The key to unlocking this painful myth is to slow down and retrace frame by frame the pivotal moments leading up to the plunge.

My scarcity headline hit the emotional presses last week after a fairly substantial
hiatus, providing me a chance to really dissect this process.  As is typical, someone close to me innocently did or didn’t do something that triggered an almost imperceptible avalanche of thoughts and feelings firing off at light speed, which suddenly shifted me into a feeling state of lack.

There I was in full character in the most vividly painful portrayal of my life.   I stepped back to observe this one I had suddenly become, wanting to see everything about her, what she believed about herself and who in her life she had cast in what supporting roles.

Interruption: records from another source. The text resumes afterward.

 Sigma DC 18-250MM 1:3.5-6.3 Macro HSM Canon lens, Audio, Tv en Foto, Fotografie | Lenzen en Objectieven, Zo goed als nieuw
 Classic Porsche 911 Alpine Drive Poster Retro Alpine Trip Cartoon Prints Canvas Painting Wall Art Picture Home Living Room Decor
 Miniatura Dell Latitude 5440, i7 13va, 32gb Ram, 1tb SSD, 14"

I dialogue and review with myself like I would with one of my children, careful not to dismiss, band-aid or criticize myself for my feelings.  I address it with sincere empathy like I would with a child.  “What happened?  What was said?  How did I feel when that was said?  What do I fear about that?  Under that what is my fear?  And under that…?”  I move deeper through the emotional layers until I reach the devastating root feeling.

I fully acknowledge how hurtful and intolerable it is to believe this myth of scarcity, when enough love, enough safety, security (or whatever it is) is absolutely necessary to my existence.  How intolerable scarce conditions are to the greater me.

When this process is lived consciously, it can be experienced and moved through.  The adult you is on the scene to question, illuminate, reassure and allow space for fears and feelings, and to then suggest the innate power to move to a different emotional place; the ability to meet one’s own needs by changing one’s emotional state.

If we rehearse or practice feelings and thoughts of lack long enough, we adopt them as a false identity, further strengthening their presence in our reality.  Attempting to get others to behave in a way that will validate our lovableness, worthiness and security is an incredible drain and impossible to sustain.

If we try to improve ourselves, create what we want, or conduct our relationships from a base state of emptiness, we reinforce that base state.  When we are intensely
identifying with not enough, we can never have enough reassurance from someone else.  In short, we cannot resolve the problem at the level of consciousness it was created.

To counteract the feeling state of scarcity, requires that we put everything aside to practice creating the base feeling state of its opposite.  To meditate simply means ‘to become familiar with’.  Carving out the space to focus on what it feels like to have an abundance of love, health, wealth, is ultimately how we create the conditions necessary for that to exist in our lives.